### Task data

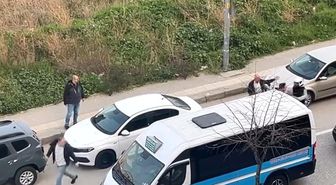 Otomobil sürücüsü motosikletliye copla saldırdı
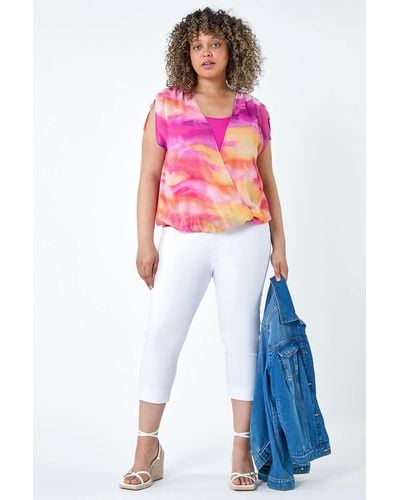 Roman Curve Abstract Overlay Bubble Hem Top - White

==

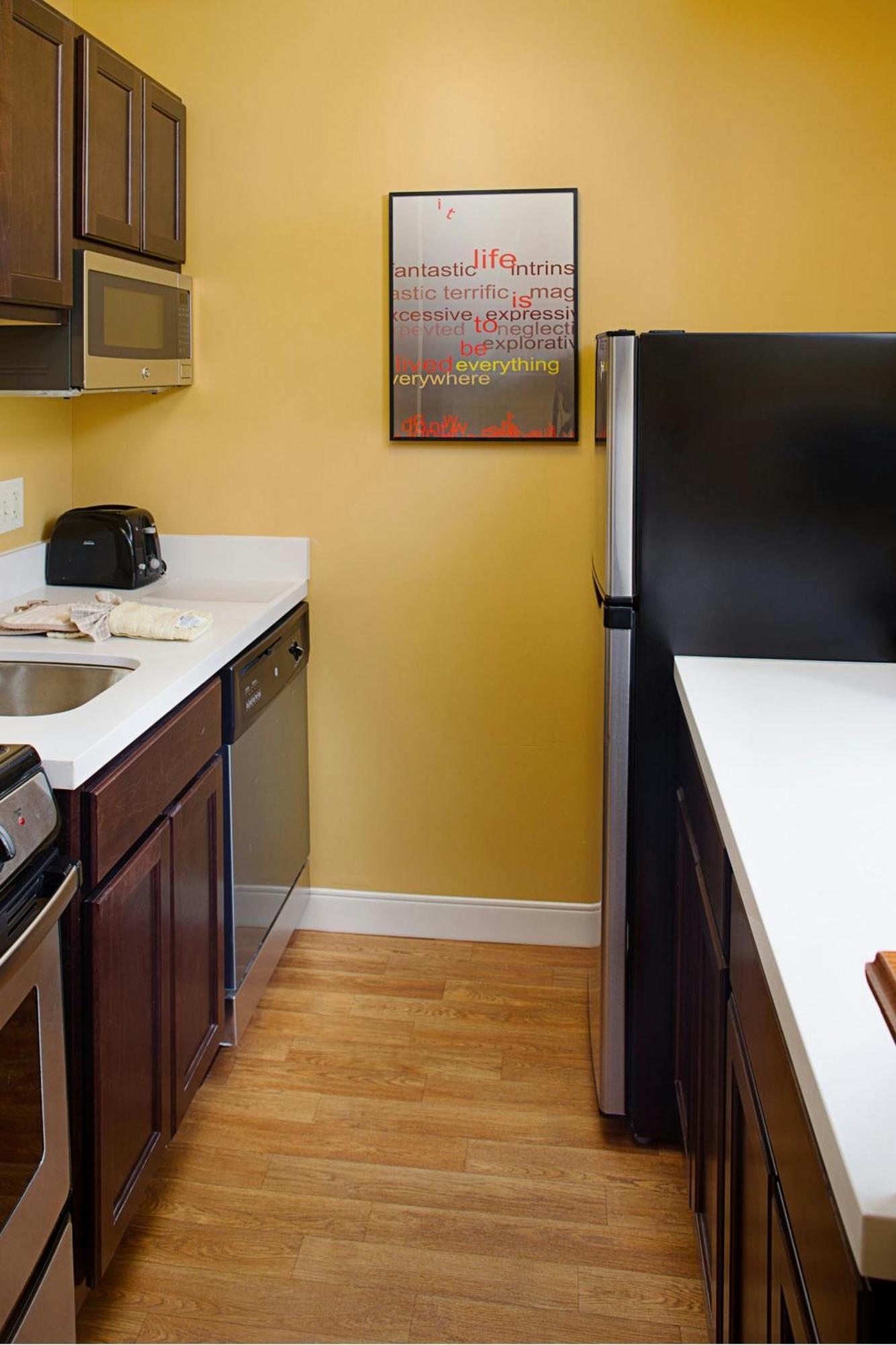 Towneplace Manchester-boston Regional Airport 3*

### Work to complete
All that should be printed is the run of lines above from the one with "Otomobil sürücüsü motosikletliye" through the one with "Roman Curve Abstract", both included, exactly as given, with pictures left out.

### Output of the task
 Otomobil sürücüsü motosikletliye copla saldırdı
 Roman Curve Abstract Overlay Bubble Hem Top - White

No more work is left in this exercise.